BIBLICAL-MISSIONARY COMMENTARY

The Climax of Christ’s Manifestation

The Gospel of this Fifth Sunday of Easter offers us the most important points of theological and Christological thought in the Fourth Gospel and the New Testament. In the mystical context of the Last Supper before the Passion and within Jesus’ Farewell Discourse to His intimate disciples, He self-reveals Himself as “the way, the truth, the life” and as the image of the invisible God. This dual self-revelation, “dizzying” in its content, requires all faithful disciples of Christ, then as now, to listen seriously and reflect constantly in order to grow more and more in faith and knowledge of the identity and mission of their divine Master. These few lines of commentary that follow would like to propose just a few useful points for further meditation on these profound pronouncements of Christ that we have heard today. (Cf. D.A.N. Nguyen, “Gesù via-verità-vita e la missione in Gv 14,1-14: Rilettura esegetico-teologica per una spiritualità missionaria ‘sapienziale’ in un contesto asiatico,” in T. Longhitano [ed.], Spiritualità missionaria [Quaderni ISCSM], Urbaniana University Press, Vatican, 2019, 47-100.)

1. “I Am the Way and the Truth and the Life. No One Comes to the Father Except Through Me”: The Self-Revelation of Jesus’ Identity and Mission in Jn 14:4-6

Jesus’ quoted pronouncement is part of the set of seven Christological “I am” self-revelations with nominal predicate in the Fourth Gospel, in which Jesus applies concepts or images known in the Jewish tradition to Himself (cf. Jn 6:35: the bread of life; 8:12: the light of the world; 10,7,9: the gate for the sheep; 10:11,14: the good shepherd; 11:25: the resurrection and the life; 14:6: the way-the truth-the life; 15:1,5: the true vine). Precisely in this literary context, we see that, on the one hand, the statement “I am the way and the truth and the life” in Jn 14:6a actually summarizes the attributes of Jesus mentioned in the other self-declarations and, on the other hand, the formal uniqueness of the phrase in question becomes clear. In fact, it is the only one to include three predicates, all with the definite article, somehow indicating the concrete and singular character of the noun: the way, the truth, and the life.

About this statement, its poetic structure with the “thematic chiasmus” ABB’A’, should be revealed, as in the following scheme: (A) “I am” (B) “the way…” (B’) “No one comes…” (A’) “except through me.” Thus the emphasis on “the way (to the Father)” and the person of Jesus (“I” - “through me”) is clear. He declares that He is the “only way” that leads to the Father, and this is true not only for Thomas or the small group of his fellows, but for all people, as suggested by the use of absolute and totalizing “no one.” The explanation then focuses entirely on the way.
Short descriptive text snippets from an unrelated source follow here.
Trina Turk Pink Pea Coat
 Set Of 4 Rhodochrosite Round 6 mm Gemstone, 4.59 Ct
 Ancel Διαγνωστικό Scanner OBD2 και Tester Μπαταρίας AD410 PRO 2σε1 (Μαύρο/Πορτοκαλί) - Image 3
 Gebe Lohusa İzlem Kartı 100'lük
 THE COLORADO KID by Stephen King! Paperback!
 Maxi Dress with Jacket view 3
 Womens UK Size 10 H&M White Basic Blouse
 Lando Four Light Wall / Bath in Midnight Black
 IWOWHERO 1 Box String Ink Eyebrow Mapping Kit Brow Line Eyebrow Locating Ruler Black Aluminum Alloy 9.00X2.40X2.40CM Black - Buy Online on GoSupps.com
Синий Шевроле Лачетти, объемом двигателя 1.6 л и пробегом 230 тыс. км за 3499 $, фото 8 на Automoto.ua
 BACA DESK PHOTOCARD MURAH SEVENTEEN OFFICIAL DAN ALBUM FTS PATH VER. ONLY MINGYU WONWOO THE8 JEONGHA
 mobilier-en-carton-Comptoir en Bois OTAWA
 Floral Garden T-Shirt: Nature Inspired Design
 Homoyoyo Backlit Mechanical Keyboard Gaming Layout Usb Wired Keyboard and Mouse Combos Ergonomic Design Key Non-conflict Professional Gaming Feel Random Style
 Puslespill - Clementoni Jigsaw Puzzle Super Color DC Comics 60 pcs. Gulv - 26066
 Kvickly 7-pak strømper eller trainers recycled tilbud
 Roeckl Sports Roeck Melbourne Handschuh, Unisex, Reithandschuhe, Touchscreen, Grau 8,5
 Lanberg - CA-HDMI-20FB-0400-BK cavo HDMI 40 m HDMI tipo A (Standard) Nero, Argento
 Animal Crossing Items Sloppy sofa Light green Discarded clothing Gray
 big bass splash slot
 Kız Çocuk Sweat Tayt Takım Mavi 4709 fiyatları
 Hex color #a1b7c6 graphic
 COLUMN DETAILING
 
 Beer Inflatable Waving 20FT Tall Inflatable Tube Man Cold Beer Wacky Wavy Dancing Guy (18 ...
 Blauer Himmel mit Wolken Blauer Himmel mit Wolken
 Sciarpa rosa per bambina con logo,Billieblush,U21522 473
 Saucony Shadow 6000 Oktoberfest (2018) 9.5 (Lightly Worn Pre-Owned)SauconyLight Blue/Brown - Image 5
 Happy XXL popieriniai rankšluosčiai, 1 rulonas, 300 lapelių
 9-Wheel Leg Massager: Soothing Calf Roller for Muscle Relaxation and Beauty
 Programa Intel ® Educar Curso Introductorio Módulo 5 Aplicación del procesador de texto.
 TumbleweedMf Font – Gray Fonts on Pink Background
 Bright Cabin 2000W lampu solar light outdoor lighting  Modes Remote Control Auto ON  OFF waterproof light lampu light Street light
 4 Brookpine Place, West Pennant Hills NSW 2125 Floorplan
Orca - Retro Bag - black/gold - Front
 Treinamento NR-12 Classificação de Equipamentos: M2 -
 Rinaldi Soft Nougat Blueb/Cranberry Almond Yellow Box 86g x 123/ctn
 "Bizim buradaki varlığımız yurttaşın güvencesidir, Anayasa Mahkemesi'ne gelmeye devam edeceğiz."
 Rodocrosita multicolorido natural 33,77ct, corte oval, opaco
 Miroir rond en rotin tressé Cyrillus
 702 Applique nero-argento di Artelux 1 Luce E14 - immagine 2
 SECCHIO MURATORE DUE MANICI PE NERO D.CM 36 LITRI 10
Thanks to Thomas’s rather “banal” comment (“Master, we do not know where you are going; how can we know the way?”), Jesus stated that he was the only way, the only true way, to the Father, that is, to life. It is therefore about the mission of His existence. Indeed, the whole person of Jesus becomes the obligatory and necessary point of reference for those who want to come to God the Father, to the truth in Him and to life with Him. In this regard, we should note the Christological context of the section of Jn 13-17 in which the following names for Jesus recur: Lord, Master, the Envoy, Son of Man, Christ, the Son. (The latter, although recurring only in Jn 17:1,12, is the frequent image implied in the sentences, in which Jesus hints at the Father.) Moreover, Jn. 13 seems to set the stage for the revelation of Jesus as the way to life through the emphasis on the figure of Jesus as “Master and Lord” who left the washing of feet an example to the apostles of how to behave toward each other. Thus, “the way” such as Jesus is that way of Jesus.

Then, the statement in Jn 14:6b (one comes to the Father only through Jesus) emphasizes as a prerequisite for coming to the Father not only faith in Jesus as the only Son and Lord, but also the observances of His commandments, as an example of life, that is, following Jesus on His way that leads to life with God from whom He came out/descended. The image of Christ as “way” turns out to be of twofold character: ontological (Christ in Himself) and functional/soteriological (Christ for us), in accordance with other Johannine passages that employ the image of the way (cf. Jn. 8:12; 10:9; also 1:51).

2. “Whoever Has Seen Me Has Seen the Father”: The Dizzying Revelation of Mutual Immanence between Jesus and the Father

After the revelation of Jesus as “the way, the truth, and the life,” we come to Jesus’ mysterious and provocative statement to the disciples, “If you know me, then you will also know my Father.
From now on you do know him and have seen him.” This statement refers back to what was already stated in the conclusion of the prologue of John’s Gospel, “No one has ever seen God. The only Son, God, who is at the Father’s side, has revealed him” (Jn 1:18).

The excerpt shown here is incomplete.